Socrates was, of course, sentenced to death for expounding such undemocratic thoughts. But his pupil Plato took the argument forward and built a theoretical construct relevant to the present-day debate. Democracy, according to Plato, ruins itself by excess of democracy. Its basic principle is equal right of all to hold office and determine public policy. Commendable at first, it fast becomes disastrous because the people are not equipped by education to select the best and the wisest rulers. As to the people, they have no understanding, and only respect what their rulers are pleased to tell them. The upshot of such democracy is tyranny.
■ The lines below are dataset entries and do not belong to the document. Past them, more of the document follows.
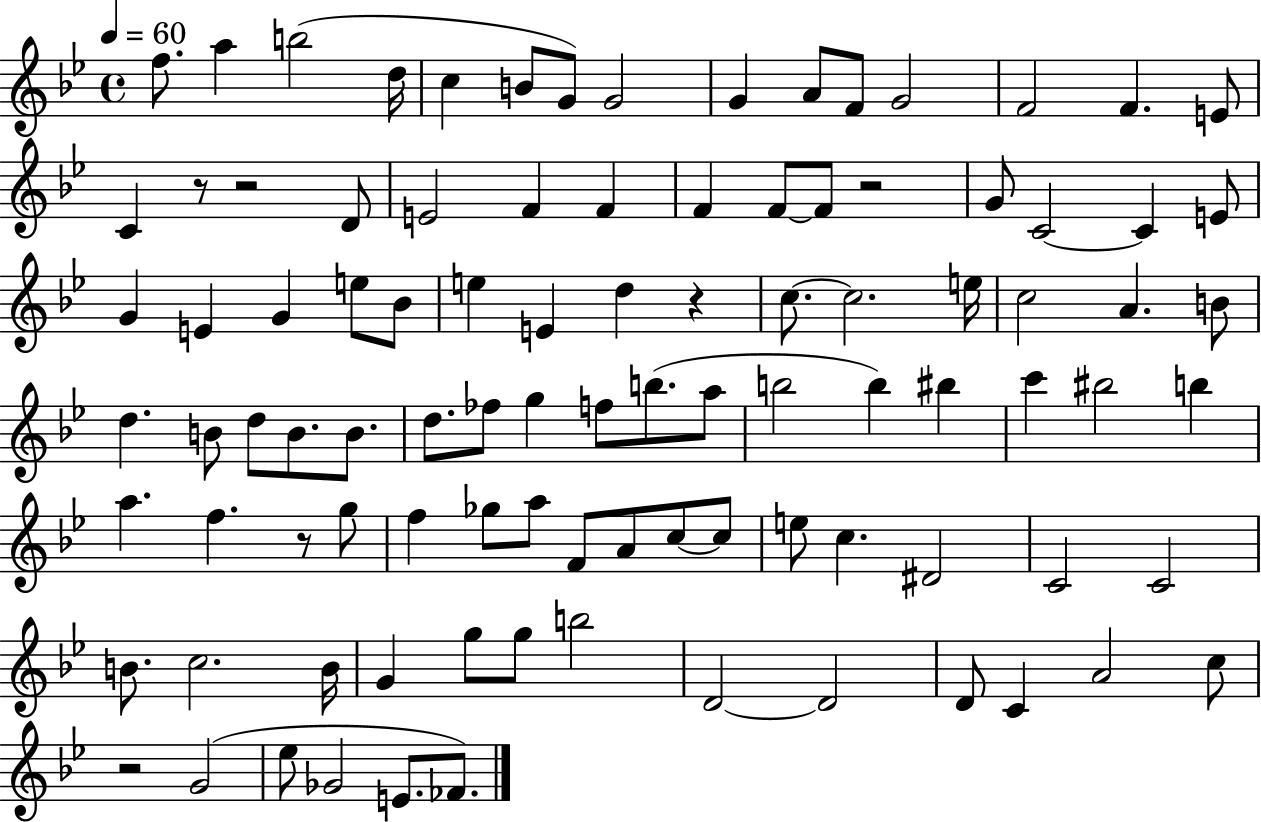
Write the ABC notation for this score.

X:1
T:Untitled
M:4/4
L:1/4
K:Bb
f/2 a b2 d/4 c B/2 G/2 G2 G A/2 F/2 G2 F2 F E/2 C z/2 z2 D/2 E2 F F F F/2 F/2 z2 G/2 C2 C E/2 G E G e/2 _B/2 e E d z c/2 c2 e/4 c2 A B/2 d B/2 d/2 B/2 B/2 d/2 _f/2 g f/2 b/2 a/2 b2 b ^b c' ^b2 b a f z/2 g/2 f _g/2 a/2 F/2 A/2 c/2 c/2 e/2 c ^D2 C2 C2 B/2 c2 B/4 G g/2 g/2 b2 D2 D2 D/2 C A2 c/2 z2 G2 _e/2 _G2 E/2 _F/2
The crowd is so hungry for flattery that, at last, the wiliest and the most unscrupulous flatterer, calling himself the protector of the people, rises to supreme power.
The more Plato thinks of it, the more astounded he is at the folly of leaving to mob caprice and gullibility the selection of political officials. The answer to this evil is the rule of guardians. Forces of knowledge, science and philosophy would be nourished and protected and they would rule, he says. People need the guidance of philosophers, for statesmanship is a science and an art; one must have lived for it and had been long prepared. Till philosophers are kings, or kings and princes of this world have the spirit and power of philosophy, and wisdom and political leadership meet in the same man cities will never cease from ill, nor the human race.” Human behaviour flows from desire, emotion and knowledge. But then, as man by nature is acquisitive, jealous, combative and erotic, how would one find those few who would subordinate desire and emotion fully to knowledge Would the guardians not be corrupted soon enough To answer this fundamental question, Plato creates the most comprehensive theoretical utopia. All inhabitants of the city who are 10 years or older should be sent to the countryside and possession of all children taken over,to protect them from the habits of their parents. Every child should be given full equality of educational opportunity without any other consideration. For the first 10 years, education would predominantly be physical to determine varying degrees of physical strength and endurance and bodily balance. But to provide harmony to the soul, the next part of education would include music. Music moulds character. And to that, religion and ethics should be added.
By the age of 20,the first ruthless weeding would take place. Those who pass the test would receive 10 more years of education and training in body, mind and character. They would then face the second round of elimination. Those who remain would still need more training! They would be taught philosophy, which simply means to think clearly (metaphysics) and to rule wisely (politics) for five more years. But the training would not end here. For the next 15 years, they would be allowed to undertake different vocations in society to get practical training, at the end of which they would face a final round of elimination. Those who survive would be 50 years old, wise and experienced, untouched by the corruption of human nature and ready to rule.
Public officials would be chosen not by votes or secret cliques but by their own ability demonstrated over decades. And so, setting aside every other business, the guardians will dedicate themselves wholly to the maintenance of freedom in the state, making this their craft and engaging in no work which does not bear upon this end. They will be legislature, executive and judiciary in one. The state would provide for all their needs and their only reward would be honour and a sense of service to the group, freed of egoism. But what about the wives, he is asked, would they not need more The guardians would not be permitted to have families; there would be communism of wives. Aristotle, pupil and critic of Plato, while accepting the Platonic model to be ideal, rejected it on grounds of practicality. In his classification of constitutions, he put the rule by the philosopher king as the best form of ideal government and democracy as the worst form. However, he also concluded that ideal was not practicable. Therefore, in humanly possible forms of government, he put democracy with all its weaknesses as the best, oligarchy second best, and autocracy as the worst form of government.
Today, two-and-a-half millennia after Plato and Aristotle, it would seem that human concerns about public service, the possible remedies and the practical difficulties in attaining the ideal solution remain much the same.